Brett Loyd, a contributor at the Independent Center and CEO of the Bullfinch Group, which conducted the polling, pointed out that this ought to make LGBTQ+ Americans an appealing voting bloc for Republicans. “If I was talking about any other group, and I said 16 percent of X demographic is unsure how they're going to vote in the election … and a plurality of these voters do not affiliate with the Republican or Democratic parties, and the most pressing issue that this demographic finds in America today is jobs and the economy ... If I said that to an RNC meeting right now, they would go, ‘Oh, great, fantastic, which group? That sounds perfect. That's right up our alley,’” Loyd said.

But the Republican Party has positioned itself firmly against the LGBTQ+ community. The party’s most recent platform explicitly condemns same-sex marriage and provides support for conversion therapy, for example. Over the past few years, a record amount of anti-LGBTQ+ legislation has also been introduced and passed at the state level.

The GOP’s focus on culture-war issues has only served to alienate much of the LGBTQ+ voter base even further. In the Independent Center poll, when asked which party does a better job at addressing the needs and concerns of LGBTQ+ individuals, 54 percent said the Democratic Party and just 9 percent said the Republican Party. And a plurality said that Biden’s stance on LGBTQ+ issues made them more likely to support him, while Trump’s made them less likely to support him. In the GLAAD survey, 72 percent of LGBTQ+ voters said the current state of political discourse in the country had had negative impacts on their mental health and emotional well-being.
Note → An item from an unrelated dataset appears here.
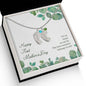 Custom Baby Feet Necklace with Birthstone Happy First Mother's Day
Polling suggests LGBTQ+ issues, unsurprisingly, impact LGBTQ+ votes. In the Independent Center poll, LGBTQ+ issues were the second-most commonly chosen issue when asked where they want presidential candidates to focus their efforts (inflation/affordability was the most commonly chosen response), and 73 percent said that LGBTQ+ issues are equally or more important than other issues in deciding how they will vote.

“Overall, the reason that LGBTQ people seem to vote in large numbers for Democrats is because, unfortunately, today's Republican Party has made LGBTQ equality a partisan issue,” said Zeke Stokes, a consultant for GLAAD. “There are LGBTQ people on all places of the ideological perspective when it comes to what we would traditionally consider conservative to liberal in this country. But we've got one party, unfortunately, who's put a target on our backs, in order to appeal to a minority of their base.”

When races are won and lost by just a few percentage points, a bloc of millions of Americans who are motivated to vote is worth a close look. And while there have always been a segment of LGBTQ+ Americans who vote Republican, the GOP is holding itself back from growing those numbers.